苦学した学生時代から、第二次世界大戦中の一九四〇年に二十六歳で植民地総督府による圧力によってジャーナリストの仕事を失うまで、カミュは前半生をアルジェの町で過ごしました。戦中、フランス本国に渡ってからも、一度故郷アルジェリアに戻って、『ペスト』の舞台となるオラン(*4)という港町で一年ほど暮らしています。
地中海人として、海と太陽の強いエネルギーを浴びて育ったことが、彼の文学的感受性に大きく影響していることは、「はじめに」で述べたとおりです。
自分にとって最も重要だったのは母(la mère)と海(la mer)である、とのちにカミュは語っています。これはフランス語の洒落(しゃれ)で、どちらも発音は「ラ・メール」なのです。詩人の三好達治(*5)も「海よ、僕らの使ふ文字では、お前の中に母がゐる。そして母よ、仏蘭西人の言葉では、あなたの中に海がある」(「郷愁」)と謳(うた)ったように、言語の違いを超えて、母と海を根源的に同じものと捉える考えには、日本人とも共通する感覚がありますね(漢字を発明したのは中国人ですが)。

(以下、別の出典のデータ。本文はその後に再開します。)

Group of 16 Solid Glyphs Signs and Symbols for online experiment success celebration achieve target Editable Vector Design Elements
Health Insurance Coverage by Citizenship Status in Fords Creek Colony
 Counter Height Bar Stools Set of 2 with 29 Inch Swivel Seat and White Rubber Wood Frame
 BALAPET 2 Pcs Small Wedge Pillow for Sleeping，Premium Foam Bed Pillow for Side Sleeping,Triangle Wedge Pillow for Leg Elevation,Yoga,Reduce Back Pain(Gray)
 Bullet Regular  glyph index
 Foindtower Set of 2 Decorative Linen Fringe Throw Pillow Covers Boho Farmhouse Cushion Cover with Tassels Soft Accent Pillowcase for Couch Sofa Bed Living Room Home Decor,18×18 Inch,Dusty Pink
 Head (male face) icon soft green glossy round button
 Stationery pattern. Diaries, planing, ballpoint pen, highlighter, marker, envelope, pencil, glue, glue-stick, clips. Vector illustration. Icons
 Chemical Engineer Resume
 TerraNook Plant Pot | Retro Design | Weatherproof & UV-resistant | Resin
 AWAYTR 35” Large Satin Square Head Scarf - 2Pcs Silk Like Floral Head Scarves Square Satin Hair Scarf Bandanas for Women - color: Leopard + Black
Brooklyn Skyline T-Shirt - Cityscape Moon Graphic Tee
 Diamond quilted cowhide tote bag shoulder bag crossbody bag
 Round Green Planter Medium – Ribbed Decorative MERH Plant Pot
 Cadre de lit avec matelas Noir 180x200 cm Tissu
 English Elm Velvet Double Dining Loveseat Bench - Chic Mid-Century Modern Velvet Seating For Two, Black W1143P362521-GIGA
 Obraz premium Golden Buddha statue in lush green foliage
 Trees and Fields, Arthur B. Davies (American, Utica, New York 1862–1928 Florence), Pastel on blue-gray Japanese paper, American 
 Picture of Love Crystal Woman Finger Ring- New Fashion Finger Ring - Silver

『異邦人』の冒頭では、いきなり母の死が語られます。カミュは、自分にとって大切な母親の死で小説を始めることによって、主人公である語り手ムルソーの経験したつらさを強調したのではないでしょうか。読者の多くは、母の死にもかかわらず涙も流さず、恋人と戯れたり、フェルナンデル(*6)の喜劇映画を観に行ったりするところに衝撃を受けたわけですが、むしろカミュにとって母親を小説のなかで死なせることは、ある種の自己処罰的な意味あいがあったような気がします。それは自分が母親に何もしてやれなかったという罪悪感と結びついていたかもしれません。
耳が少し不自由で、発語に障害があり、読み書きもできない無知な母親は、商家などでの家政婦の仕事で疲れはて、家でも極端に寡黙でした。
一九六〇年、突然の自動車事故によってカミュが四十六歳の若さで亡くなったとき、愛用の鞄のなかに見つかった未完の遺作『最初の人間』(*7)は、みずからの少年時代をテーマにした小説でした。そこでは母親が強い愛着をもって描写されています。添えられた構想メモには、「もしこの本が最初から終わりまで母親に宛てて書かれたとすれば、理想的だ──そして最後になって読者が彼女は字が読めないことを知れば──そうだ、それこそ理想的なのだが」(大久保敏彦訳、新潮文庫)と記されていました。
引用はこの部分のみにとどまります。